[comp.sys.m68k] addq.w #n,sp and a pop quiz

davet@oakhill.UUCP (David Trissel) (12/11/88)

When I put the add.w into the compiler I wondered just how many people
would see it and think that it must be wrong. Craig Ruff had it
right in that the add.w requires 2 less bytes (and is faster) than add.l
for cases where the immediate will fit in a word and where addq cannot
be substituted by the assembler. Specifically the compiler generates this
for popping arguments and so there is never any danger of the immediate 
value being too large. 

Instructions depending on esoteric architectural features such as the above
separate the men from the boys. Here's another one:

There is only one place in the instruction set where a data register is
implicitly sign-extended. Where?

I'll post the answer in a few days (if nobody else does.)

  -- Dave Trissel  Motorola Semiconductor, Austin Texas
if anyone knows the answer to this without 
can answer this one without looking 
This type of architectural usage separate the men from the boys. Here's
another question on a subtlety which I doubt any of you would know without

duggie@Jessica.stanford.edu (Doug Felt) (12/13/88)
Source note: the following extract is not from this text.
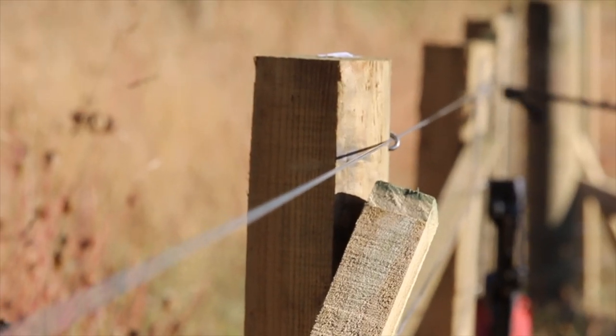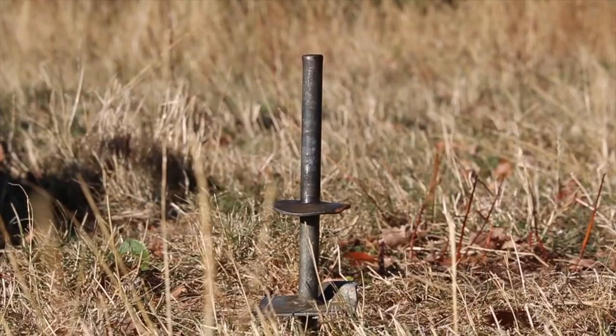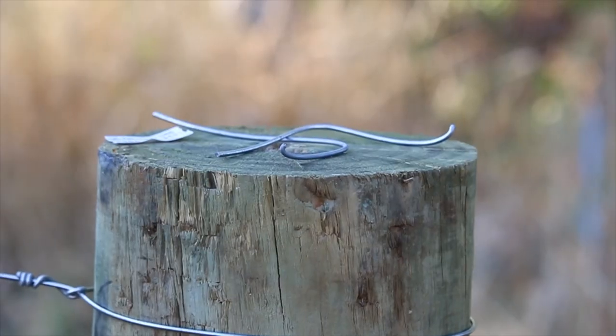We've also been using the Delfast Batten Stapler to staple off all the battens. The post stapler has made our life so much easier — when we first started we only had one, but now we have three. The time you will save using the post stapler is incredible. It's well balanced and not too heavy, making a real difference on the body after a hard day's work.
In article <1737@oakhill.UUCP> davet@oakhill.UUCP (David Trissel) writes:
>
> [stuff deleted]
>
>There is only one place in the instruction set where a data register is
>implicitly sign-extended. Where?
>

I believe this instruction is CMPA <ea>,An where a word-length value
in the effective address field (possibly a data register) is
sign-extended before being compared with the address register.

>
>  -- Dave Trissel  Motorola Semiconductor, Austin Texas

Doug Felt
Courseware Authoring Tools Project
Sweet Hall 3rd Floor
Stanford University
duggie@jessica.stanford.edu

mikem@uhccux.uhcc.hawaii.edu (Mike Morton) (12/13/88)

Dave Trissel of Motorola recently wrote:
>There is only one place in the instruction set where a data register is
>implicitly sign-extended. Where?

The phrasing of Dave's question implies that he doesn't count the
extension of a word-sized index in xx(An, Dn.w).  More likely he means
a MOVEM.W to data registers.

[No, Dave, I didn't have to hit the manual for this.  It was burned into
my brain a few years back when I spent an afternoon debugging.  Got any
explanation of WHY this is done?]

Here's some puzzles:
  - what's the fastest way to bump two address regs each by one byte?
  - what's faster than an SCS instruction, but equivalent (except
    for CCR, perhaps)

Forgive me if this has been discussed in this group, but has everyone
heard about the "superoptimizer" discussed in a paper in ASPLOS II?
It does really incredible tricks trying MANY instruction sequences to
see which is the best.  One of my favorites is a four-instruction one
to turn Dn into signum(Dn).  Can anyone solve this?  Perhaps better,
can you do Max(Dx,Dy) or Min in four instructions?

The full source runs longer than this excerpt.